Miscellaneous Manufacturing MARC (NAICS 339)
MARC ($5M revolving credit, up to 20-year term) for miscellaneous manufacturing manufacturers. Tier 2 fit — strong fit with sub-sector-specific underwriting requirements. 45–120 days (highly variable by sub-niche) inventory turnover. 30–60 days (B2B + B2B2C obligors net-30 to net-60) AR aging. $3M–$50M revenue miscellaneous manufacturer typical revenue.
Key Takeaways
- Miscellaneous Manufacturing: NAICS 339, Tier 2 MARC fit.
- Inventory turnover: 45–120 days (highly variable by sub-niche).
- AR aging: 30–60 days (B2B + B2B2C obligors net-30 to net-60).
- Raw materials lead time: Highly variable — medical-device components 30–180 days, sporting goods 30–90 days, jewelry 14–60 days.
- Typical revenue: $3M–$50M revenue miscellaneous manufacturer.

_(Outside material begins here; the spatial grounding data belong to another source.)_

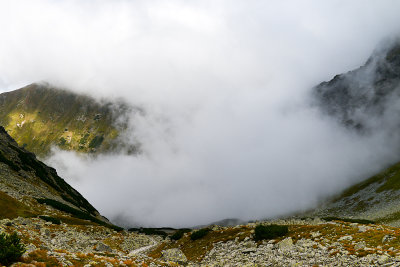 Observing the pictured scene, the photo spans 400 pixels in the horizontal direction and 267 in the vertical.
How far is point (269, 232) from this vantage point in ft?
103

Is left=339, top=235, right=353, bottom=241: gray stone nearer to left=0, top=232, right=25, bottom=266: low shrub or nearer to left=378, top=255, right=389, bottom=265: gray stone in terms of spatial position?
left=378, top=255, right=389, bottom=265: gray stone

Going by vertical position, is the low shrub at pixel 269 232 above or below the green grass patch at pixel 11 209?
below

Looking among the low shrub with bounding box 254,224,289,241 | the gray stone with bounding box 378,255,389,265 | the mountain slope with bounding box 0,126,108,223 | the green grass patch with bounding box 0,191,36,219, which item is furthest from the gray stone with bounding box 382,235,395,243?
the mountain slope with bounding box 0,126,108,223

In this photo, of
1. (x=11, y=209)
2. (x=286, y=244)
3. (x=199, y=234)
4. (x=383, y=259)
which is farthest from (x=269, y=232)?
(x=11, y=209)

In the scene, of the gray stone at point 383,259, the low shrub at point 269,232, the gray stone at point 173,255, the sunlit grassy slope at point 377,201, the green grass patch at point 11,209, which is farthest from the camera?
the sunlit grassy slope at point 377,201

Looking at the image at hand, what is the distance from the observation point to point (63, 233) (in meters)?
45.1

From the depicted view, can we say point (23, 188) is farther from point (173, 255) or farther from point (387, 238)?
point (387, 238)

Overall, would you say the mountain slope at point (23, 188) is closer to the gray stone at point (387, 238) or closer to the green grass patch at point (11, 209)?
the green grass patch at point (11, 209)

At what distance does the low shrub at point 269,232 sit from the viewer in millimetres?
31141

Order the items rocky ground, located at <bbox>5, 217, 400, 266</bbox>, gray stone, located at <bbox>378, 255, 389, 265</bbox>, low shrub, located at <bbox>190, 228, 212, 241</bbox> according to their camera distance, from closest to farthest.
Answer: gray stone, located at <bbox>378, 255, 389, 265</bbox> < rocky ground, located at <bbox>5, 217, 400, 266</bbox> < low shrub, located at <bbox>190, 228, 212, 241</bbox>

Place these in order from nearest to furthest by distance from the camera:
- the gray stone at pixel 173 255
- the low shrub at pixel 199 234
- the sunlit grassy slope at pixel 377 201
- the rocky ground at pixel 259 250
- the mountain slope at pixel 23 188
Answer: the rocky ground at pixel 259 250, the gray stone at pixel 173 255, the low shrub at pixel 199 234, the mountain slope at pixel 23 188, the sunlit grassy slope at pixel 377 201

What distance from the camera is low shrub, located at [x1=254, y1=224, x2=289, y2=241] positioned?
31.1 metres

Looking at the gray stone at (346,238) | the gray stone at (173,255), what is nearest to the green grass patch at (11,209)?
the gray stone at (173,255)

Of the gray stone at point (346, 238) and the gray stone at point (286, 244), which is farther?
the gray stone at point (286, 244) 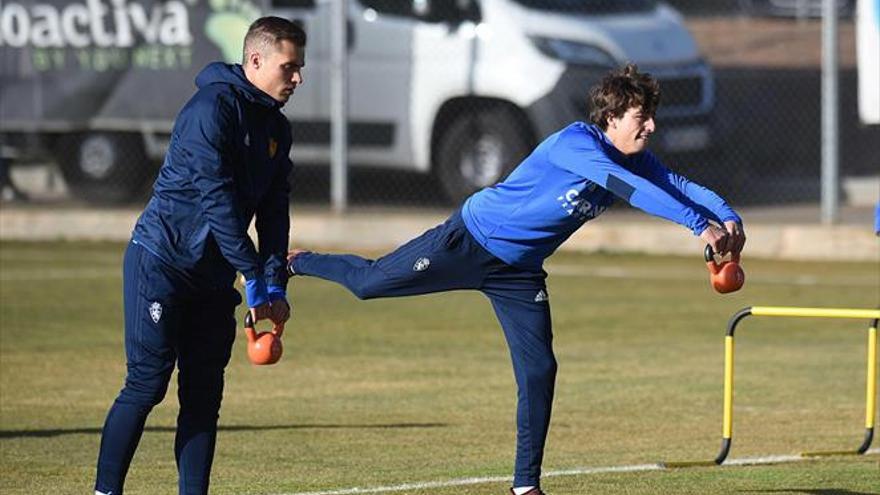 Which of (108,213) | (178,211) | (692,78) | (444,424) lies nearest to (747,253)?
(692,78)

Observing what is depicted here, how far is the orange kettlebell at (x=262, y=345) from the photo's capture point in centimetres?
755

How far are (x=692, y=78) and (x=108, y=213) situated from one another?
620cm

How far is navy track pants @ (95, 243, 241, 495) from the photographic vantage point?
7.83m

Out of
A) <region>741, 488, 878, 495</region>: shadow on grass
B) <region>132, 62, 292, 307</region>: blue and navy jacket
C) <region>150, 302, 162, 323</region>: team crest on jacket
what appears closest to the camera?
<region>132, 62, 292, 307</region>: blue and navy jacket

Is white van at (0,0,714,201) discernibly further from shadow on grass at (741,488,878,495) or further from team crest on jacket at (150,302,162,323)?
team crest on jacket at (150,302,162,323)

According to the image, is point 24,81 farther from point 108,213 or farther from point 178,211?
point 178,211

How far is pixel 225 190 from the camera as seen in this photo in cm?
752

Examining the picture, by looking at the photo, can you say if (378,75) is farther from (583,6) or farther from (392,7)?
(583,6)

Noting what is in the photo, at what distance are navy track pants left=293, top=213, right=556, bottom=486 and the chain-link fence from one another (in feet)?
39.0

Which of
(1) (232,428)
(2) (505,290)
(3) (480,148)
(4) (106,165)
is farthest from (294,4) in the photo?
(2) (505,290)

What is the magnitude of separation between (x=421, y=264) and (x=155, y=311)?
1569 millimetres

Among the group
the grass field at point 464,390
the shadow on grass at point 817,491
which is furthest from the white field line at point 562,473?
the shadow on grass at point 817,491

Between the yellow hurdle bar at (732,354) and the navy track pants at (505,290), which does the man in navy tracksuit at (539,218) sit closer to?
the navy track pants at (505,290)

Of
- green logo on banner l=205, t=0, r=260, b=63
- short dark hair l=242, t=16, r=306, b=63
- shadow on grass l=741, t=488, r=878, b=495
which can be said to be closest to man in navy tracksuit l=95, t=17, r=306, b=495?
short dark hair l=242, t=16, r=306, b=63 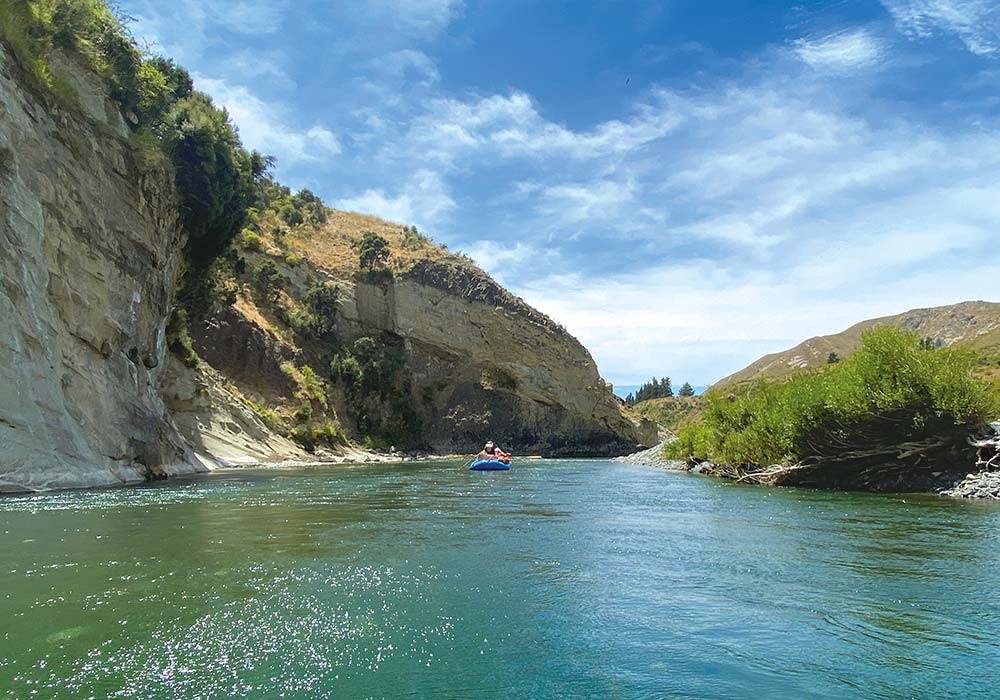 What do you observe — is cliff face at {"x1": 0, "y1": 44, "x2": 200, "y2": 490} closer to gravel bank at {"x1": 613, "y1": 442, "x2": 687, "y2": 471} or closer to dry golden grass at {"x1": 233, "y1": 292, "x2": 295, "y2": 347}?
dry golden grass at {"x1": 233, "y1": 292, "x2": 295, "y2": 347}

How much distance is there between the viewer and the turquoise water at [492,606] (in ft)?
21.2

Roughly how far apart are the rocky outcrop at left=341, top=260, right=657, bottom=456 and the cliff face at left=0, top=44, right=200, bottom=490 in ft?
128

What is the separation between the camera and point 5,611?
27.3ft

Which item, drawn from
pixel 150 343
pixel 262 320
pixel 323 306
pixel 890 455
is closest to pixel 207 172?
pixel 150 343

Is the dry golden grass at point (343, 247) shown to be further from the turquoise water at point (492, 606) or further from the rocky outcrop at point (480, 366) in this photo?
the turquoise water at point (492, 606)

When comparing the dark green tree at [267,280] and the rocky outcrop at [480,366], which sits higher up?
the dark green tree at [267,280]

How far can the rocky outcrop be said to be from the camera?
71250mm

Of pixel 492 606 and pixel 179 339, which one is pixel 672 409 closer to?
pixel 179 339

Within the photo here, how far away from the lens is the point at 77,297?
83.9ft

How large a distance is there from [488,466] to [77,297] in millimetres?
23569

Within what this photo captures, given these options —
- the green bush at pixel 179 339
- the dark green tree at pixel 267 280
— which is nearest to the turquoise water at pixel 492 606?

- Collateral mix: Production equipment (35–55%), inventory + WIP (25–40%), AR (15–25%), facility (5–15%).
- Customer profile: Healthcare distributors (Henry Schein, Patterson, McKesson medical).
Why MARC Fits Miscellaneous Manufacturing
Miscellaneous Manufacturing covers medical equipment + supplies (NAICS 3391), other miscellaneous manufacturing (3399). MARC works for medical-device manufacturers (FDA-regulated), sporting-goods OEMs, jewelry manufacturers, sign manufacturers, and dental/optical equipment producers — sub-niches where customer concentration is diversified + working capital cycles are predictable.
**Working capital cycle**: Highly variable by sub-niche. Medical devices: 90–180 day cycles (FDA compliance + sterilization adds time). Sporting goods: 60–120 days (seasonal demand cycles). Jewelry: 30–90 days (high-margin, fast turnover). Sign manufacturing: 30–60 days (project-based).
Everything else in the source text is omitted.